Jadi, siapa yang merusak bendera Merah Putih tersebut?

                Menurut mahasiswa Papua di Surabaya tersebut berkata bahwa kita tidak tahu soal bendera yang jatuh ke got. Tetapi, kita tahu saat TNI datang dengan Satpol PP yang main hakim sendiri dengan seenaknya. Pimpinan RW juga tidak tahu siapa dalang dari peristiwa tersebut.

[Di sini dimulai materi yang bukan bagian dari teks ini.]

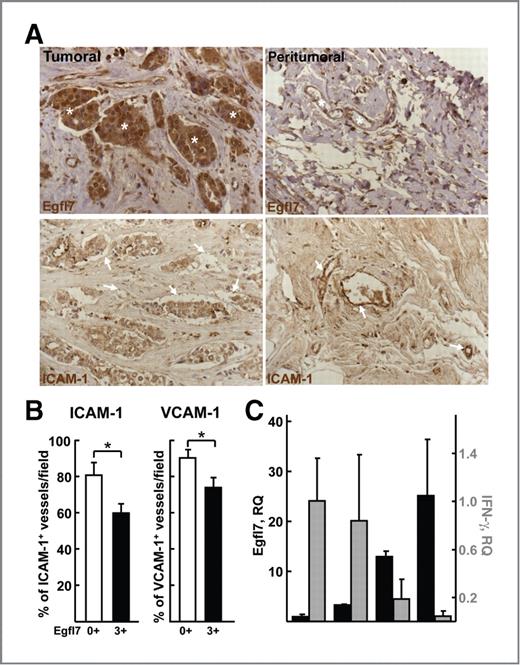 Figure 7. High expression of Egfl7 correlates with low VCAM-1, ICAM-1, and IFN-γ in human tumors. A, expression of Egfl7 (top, brown) and ICAM-1 (bottom, brown) was analyzed by immunohistochemistry in a human breast ductal invasive carcinoma (noted SBR II, RE+, RP+, and HER2 0). The tumor tissue, which expresses large amounts of Egfl7 within tumor cells (top left, *), shows low levels of ICAM-1 in adjacent blood vessels (bottom left, arrows). The peritumoral region, which expresses low levels of Egfl7, mostly in blood vessels (top right, *), shows strong expression of ICAM-1 in blood vessel endothelium (bottom right, arrows). B, expression of ICAM-1 and VCAM-1 in blood vessels was quantified as the mean percentage of positive vessels in 25 independent 0.15-mm2 fields in tumors expressing low (0+, n = 5) and high (3+, n = 5) levels of Egfl7. *, P < 0.05. C, human breast carcinomas (n = 12 per group) were analyzed for expression of Egfl7 (black bars) and IFN-γ (gray bars) by quantitative RT-PCR. For each sample, data were normalized to the β2-microglobulin expression levels. Data are expressed at 2(−ΔΔCt), taking the lowest average value as reference for each gene. RQ, relative quantities.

                Sejak beredarnya foto tersebut ke publik, banyak sekali TNI, Satpol PP, Tentara, dan Polisi datang ke asrama Kamasan. Sejumlah kata-kata rasial ke arah mahasiswa Papua dan menudingkan-nudingkan ke arah penghuni asrama.

Papua
Sejumlah tentara yang terlihat di depan asrama Kamasan, 16 Agustus lalu.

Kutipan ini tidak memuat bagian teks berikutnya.